EXERCISE GOAL
Starting at the line that contains "预见未来：2025年的AI世界", return every line through the end of the data exactly, without pictures.

[Short text fragments from websites]
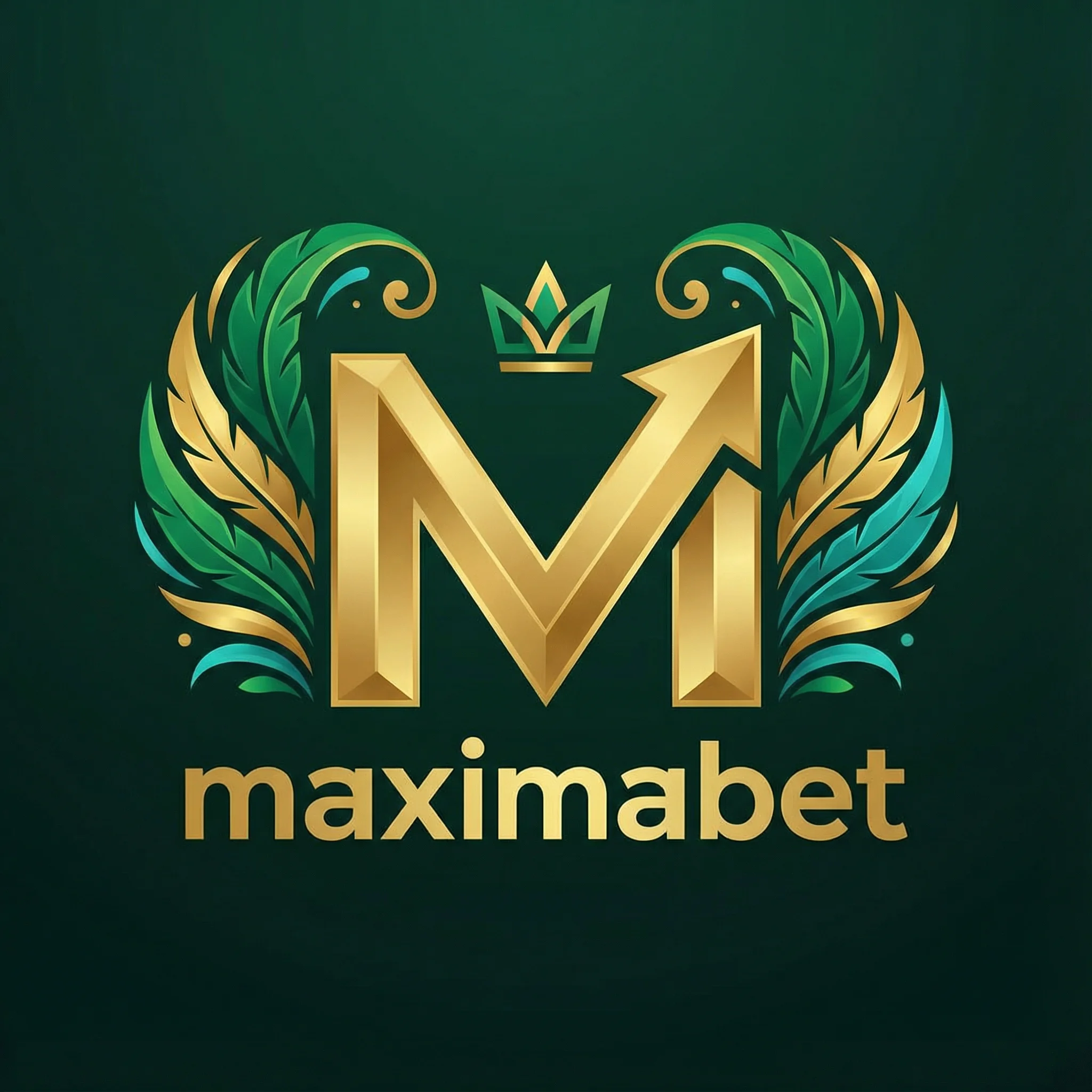 maximabet logo cassino online Brasil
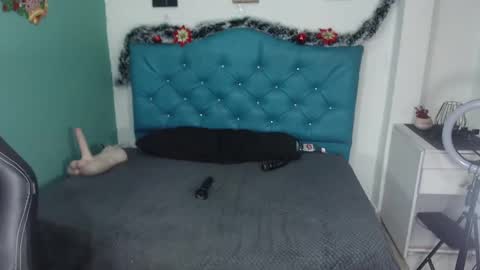 Snapshot of cristaladams6 chatting on December 23, 7:30 pm CristalAdams online show from December 23, 7:30 pm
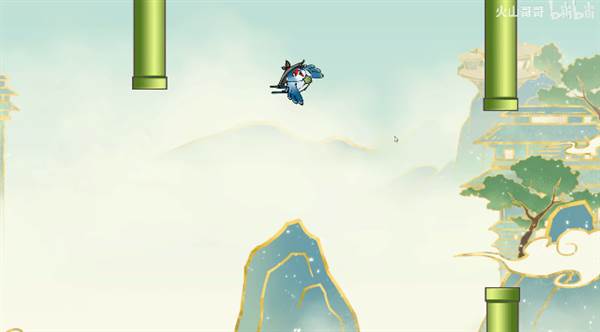 愤怒的小叽宣传图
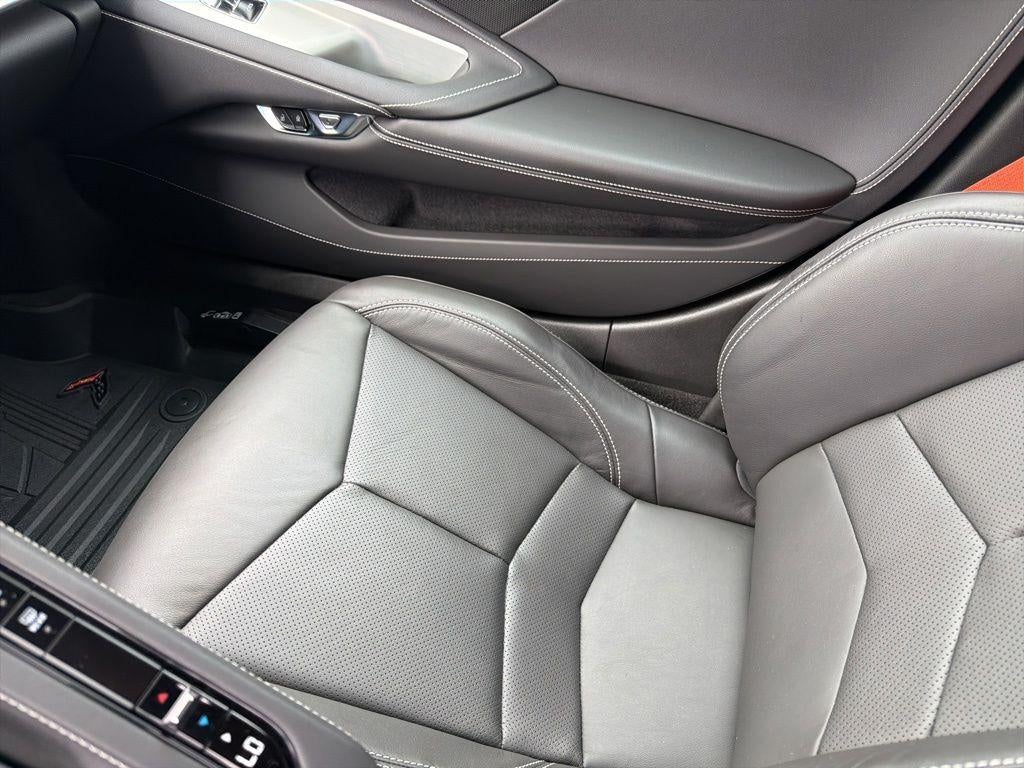 2025 Chevrolet Corvette Stingray Stingray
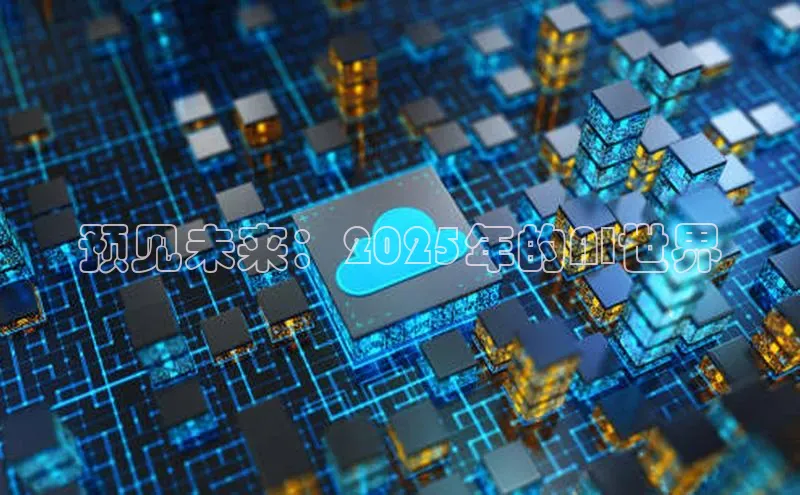 预见未来：2025年的AI世界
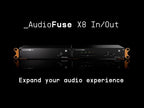 Arturia AudioFuse X8 OUT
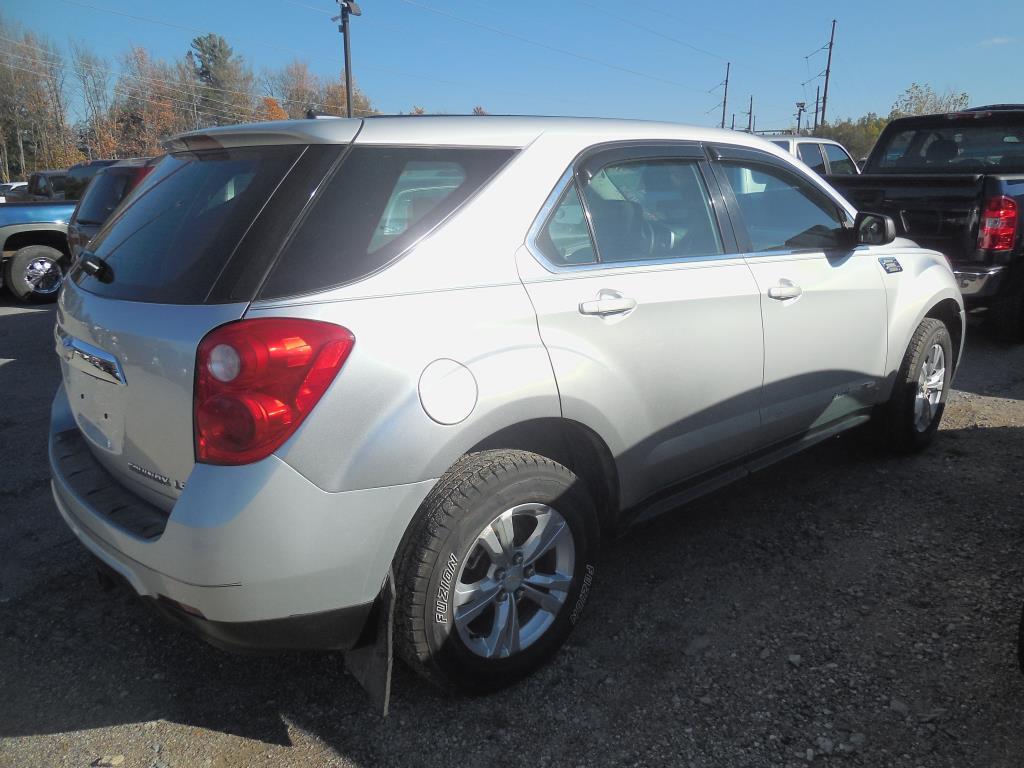 2010 Chevrolet Equinox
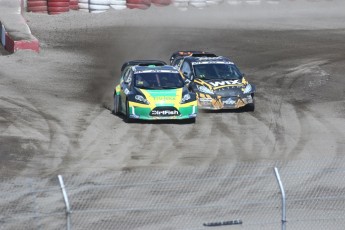 Grand Prix de Trois-Rivières - Week-end Rallycross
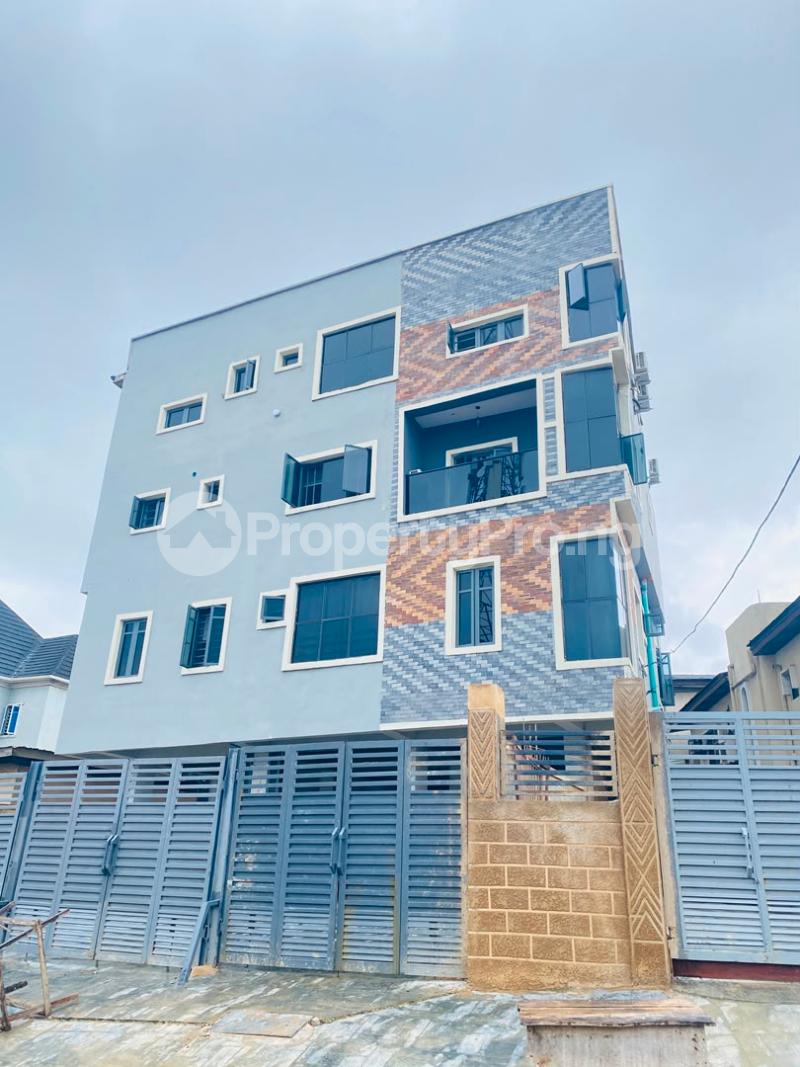 1 bedroom Flat / Apartment for rent Iwaya Yaba Lagos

ANSWER TO THE PROBLEM
 预见未来：2025年的AI世界
 Arturia AudioFuse X8 OUT
 2010 Chevrolet Equinox
 Grand Prix de Trois-Rivières - Week-end Rallycross
 1 bedroom Flat / Apartment for rent Iwaya Yaba Lagos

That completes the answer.